Mumsnet has not checked the qualifications of anyone posting here. If you need help urgently or expert advice, please see our domestic violence webguide and/or relationships webguide. Many Mumsnetters experiencing domestic abuse have found this thread helpful: Listen up, everybody

Fantasies of turning the tables on abusive DH

355 replies

Revengefantasiesrus · 08/10/2012 13:17

My DH is sometimes physically abusive.

About twice a year or so (almost invariably alcohol related) he will lose his temper push me, pull my hair, scream in my face, pin me down, intimidate me an in the most extreme scenario has choked me (momentarily) ad held a knife at my eye level.

The rest of the time he is extremely affectionate, loving and kind. As they are.

This weekend he went out with the lads and got utterly wasted and rolled in at 5am. I don't mind this and occasionally do the same myself on a night out with the girls. What I did mind is I asked him to do 2 simple things - not to lose the bank card because it is the only way we had of paying for anything and to make sure he kept enough cash for the taxi because we didn't have any in the house.

Needless to say he came back without cash or card. Plus his shirt was ripped as he ha been fighting. I was not best pleased.

So the next morning at about lunchtime I woke him and gave him a bitchy and sarcastic piece of my mind. Whereat he shouted at me, grabbed me, pinned me on the bed and choked me. Then said it was my fault for pushing his buttons (hollow laugh).

Yes I know I should leave him but I won't be for a huge number of reasons I won't go into.

The point of this post is, has anyone else, having been in this position, had subsequent fantasies where they drug and tie up their partner and then when they wake up do exactly to them what they did to you?

He has apologized, begged forgiveness, says he will never touch me again blah blah blah.
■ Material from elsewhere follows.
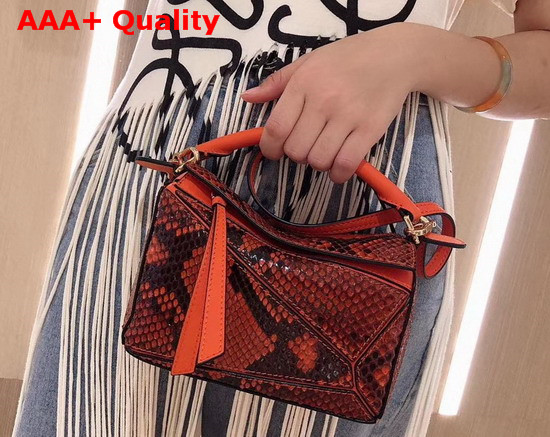 Loewe Puzzle Mini Bag in Orange Python Replica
But lying in bed last night all I could think of was how much I wanted to see HIM lying there helpless while I scream in his face with a knife in my hand and choke him until he can't breathe and show him just how it feels to be helpless and afraid and completely powerless to make it stop. I want him to see hate and viciousness in my face and to feel visceral fear.

And I want to do it so much I almost feel like I could.
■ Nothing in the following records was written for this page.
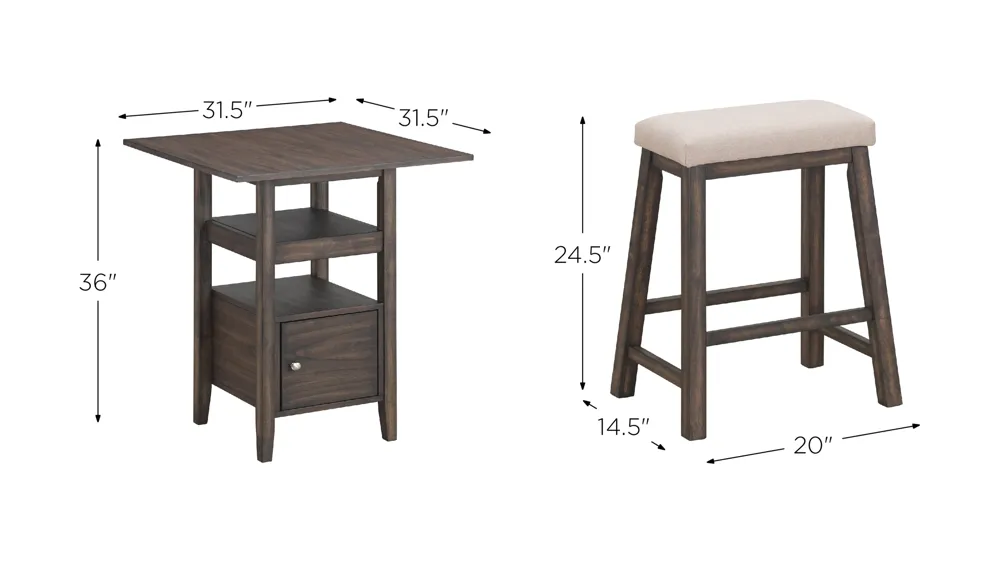 Derby 5-pc. Counter Height Dining Set Dimensions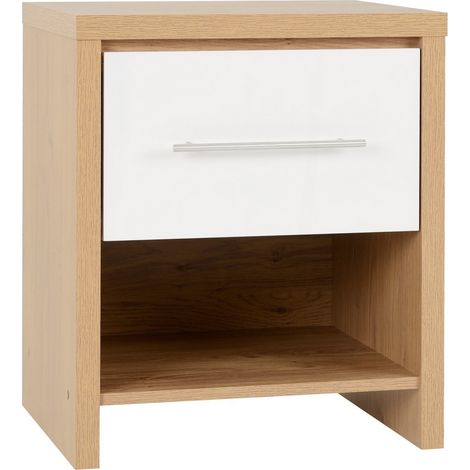 Multi Pack of 2 - Seville 1 Drawer Bedside Table - L39 x W56 x H47 cm - White High Gloss/Light Oak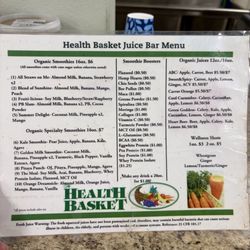 Health Basket - Smoothie menu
I have forgiven, made allowances, tried to love him and understand how his abusive childhood has damaged him, I have paid for his therapy and medication, I have moved on and put these things behind me so many times. Now, all of a sudden, I don't want to do that any more. I don't want to leave him, for me the good currently does actually outweigh the bad. But I do want to punish him and show him how it feels.

Is it just me?

OP posts:
Revengefantasiesrus · 10/10/2012 09:39

Our live in nanny will also be present along with my husband springy while the children are SLEEPING from 7pm as she is 5 and a half days a week. Not that I would hesitate to leave the kids with my husband alone for a second. He has never so much as shouted at our children let alone laid a finger on them. Take your patronizing smart arse comments somewhere else and let me take on board the posts from well meaning thoughtful posters instead if wasting my energy getting phase off with your deliberately provoking bitchiness. I have enough to deal with thanks

OP posts:
Redline · 10/10/2012 10:14

You're welcome Revengefanasiesrus re' the post (t'was meant for you anyway); Did you read it all? If not, I hope if you have a spare hour or three some spare time? You read it through? I wasn't being dramatic or overly descriptive etc on it & I really Don't like writing big posts normally so 'tis something of a departure for me? But I felt Do strongly on this? I just Had to write something in the end; Anyway I thought it might help to see it from a man's (& fellow sufferers) view to maybe show you a couple of points you hadn't considered or couldn't see before? As well as maybe helping you realise Why you feel like you do & what to maybe Do about it?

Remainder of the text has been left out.